For now, only part one has been printed, and it may yet deal with the problem of music, for this is a major issue that these new priests face. Music in all times and places is a major contributor to helping us identify aspects of home wherever we happen to be. This is a factor in the spread of digital MP3 players; they permit us to bring our preferred surroundings to us whether we happen to be in the subway, the car, an airport, or wherever.

The music of the Roman Rite—itself a universal liturgy—has a universal music that permits priests from all over the world to have a sense of “home” when celebrating it in all places. That is not to say that there are not local variations. The music at Mass in Uganda is going to have a different character from Masses celebrated in Utah, and national variations in incidental music are legendary.

However, there is a foundational music of the Roman Rite that has been the same in all times and places. The ordinary settings of the Kyrie, Gloria, Credo, Sanctus, and Agnus are world-wide settings in which no national culture in particular is embedded in its sound and feel. They were put together as part of a body of music overtly structured with a multicultural demand that no one language group of demographic prevail over any other. The Mass and its artistic setting must transcend not only time but also place and even the cultural character of the gathered people.

This is also true of the propers of the Mass (Introit, Gradual, Alleluia, Offertory, Communion), which are of the same plainchant style as the ordinary settings but more musically complicated and designed for singers who have studied and are engaged in continual practice.
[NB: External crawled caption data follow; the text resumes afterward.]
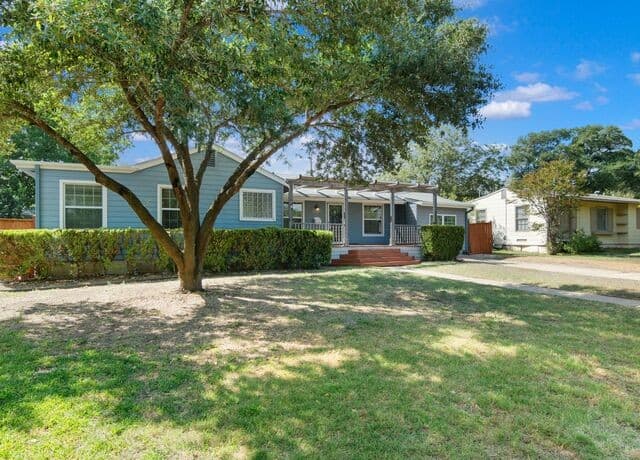 338  Brees Blvd, San Antonio, TX 78209 — photo 2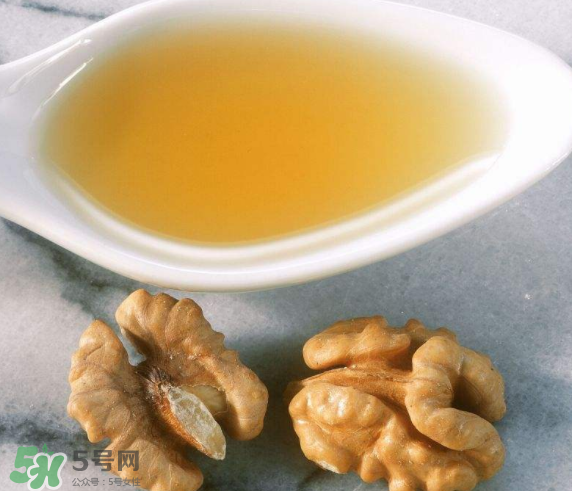 初蘊(yùn)核桃油好嗎？初蘊(yùn)核桃油怎么樣？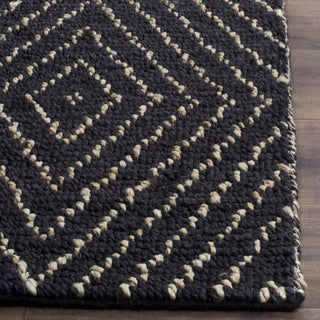 Safavieh Bohemian BOH702 Black/Ivory Area Rug Detail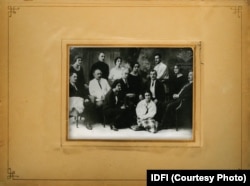 ბარბარე გაბუნია მარცხენა ზედა კუთხეში. ფოტოზე გამოსახულნი არიან უნივერსიტეტის პროფესორ მასწავლებლები (მარცხნიდან მარჯვნივ, შუა რიგში): ალექსანდრე წერეთელი, გრიგოლ ნათაძე, ივანე ჯავახიშვილი, გიორგი ახვლედიანი, კორნელი კეკელიძე. 1922 წელი.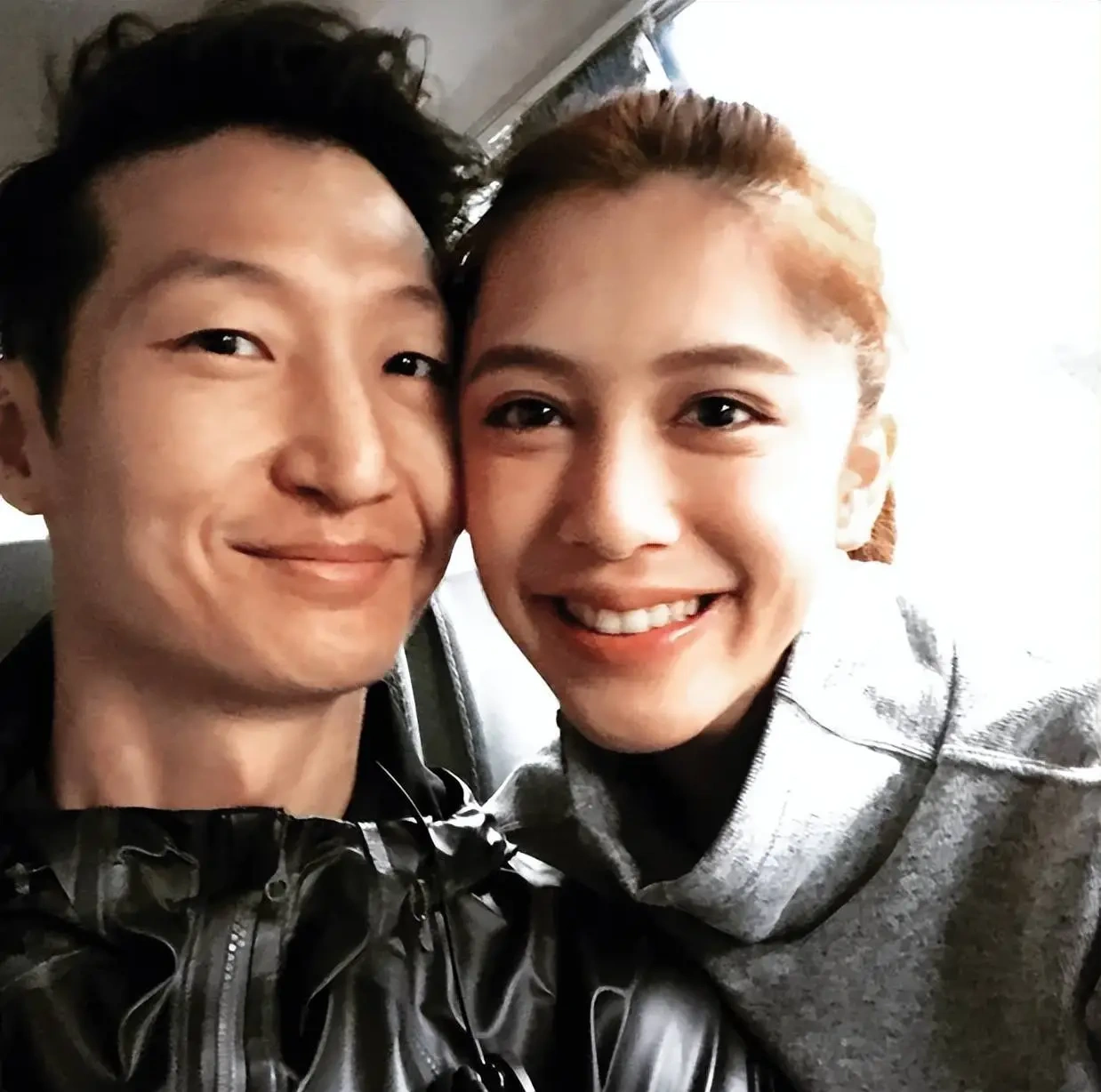 洪金宝飞往台湾看望准儿媳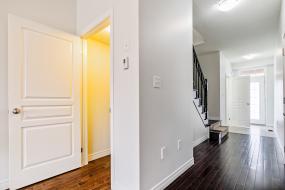 Property listing for #5-370 Stonehenge Dr., Ancaster, ON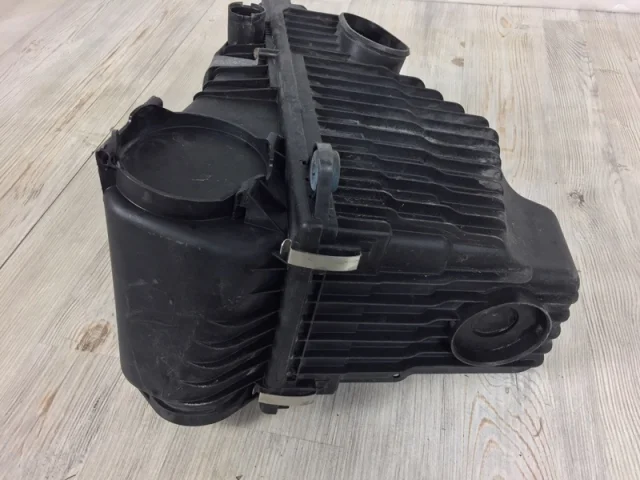 Корпус воздушного фильтра для Audi Q7 4L 2005-2015 на фотографиях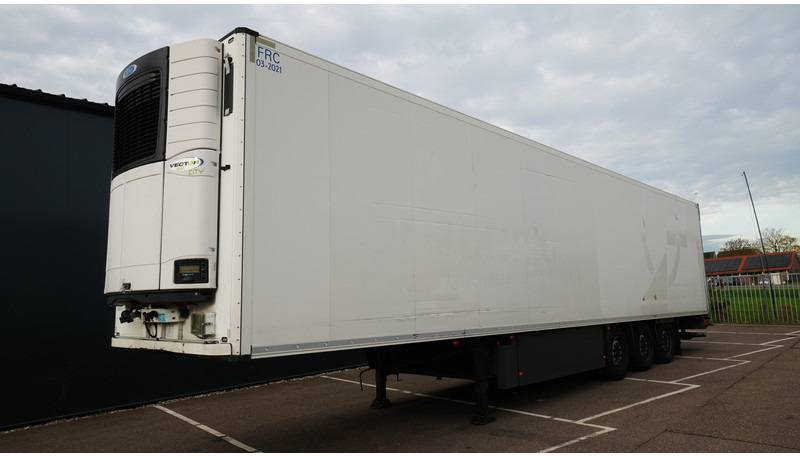 Schmitz Cargobull 3 AXLE FRIGO TRAILER WITH CARRIER VECTOR - Refrigerator semi-trailer: picture 2 Schmitz Cargobull 3 AXLE FRIGO TRAILER WITH CARRIER VECTOR - Refrigerator semi-trailer: picture 2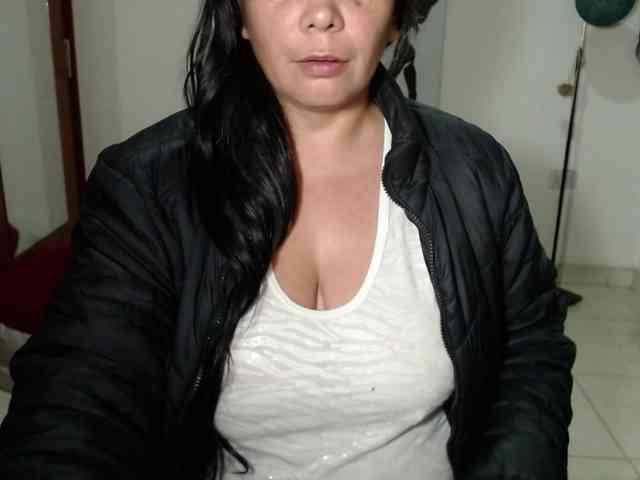 vivian-milf-paint webcam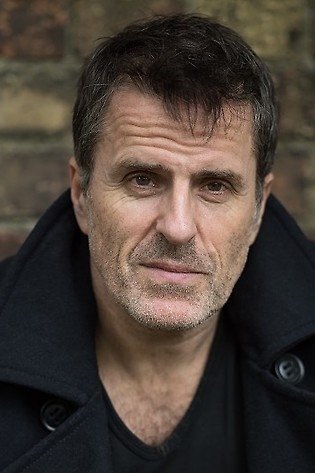 Con O'Neill backdrop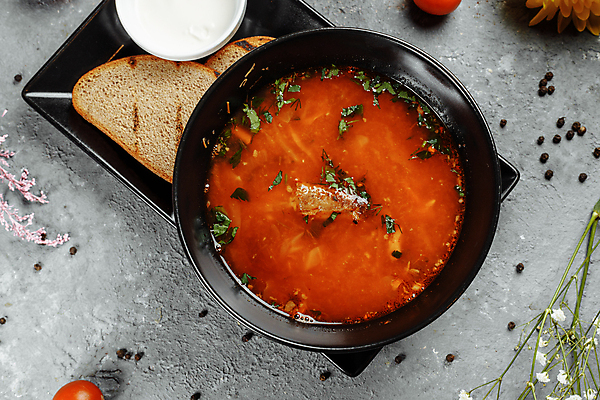 포토 JPG 해외이미지 전통 접시 음식 다이어트 토마토 채소 탁자 파슬리 건강 마늘 육류 요리 사람없음 빨간색 주방 식당 검은색 식사 저녁식사 당근 소고기 흰색 시골 뜨거움 사발 플랫 맛 수프 먹기 크림 러시아 위치 점심식사 러시아인 비트 우크라이나 전국 핸드메이드 맛있는 해외포토 서양인 식기 유럽 컬러 가구 컨셉 식재료 모션 뿌리채소 상점 사기그릇 파일형식 이미지허브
The Sequences are the same all over the world, provided we are using the prescribed melodies.

Finally, there are the chant hymns such as those gather in the Parish Book of Chant, and they have a universal quality as well. At Masses where there is an international gathering of people, chant hymns are what unite people from all over the world in song. They convey a sense that no matter what your national origin, the Catholic Church is your home, and it is a home that you share with the faithful from all over the world.

I don’t think it often occurs to American Catholic just how provincial and national in character the music at our Masses has become over the years. Of course this was also true in the 19tth and early 20th century, when the favorite songs of Irish and Italian immigrants became standard fare. But underneath them, there was still a constant strain of music that united the immigrants groups, and that was the chant tradition.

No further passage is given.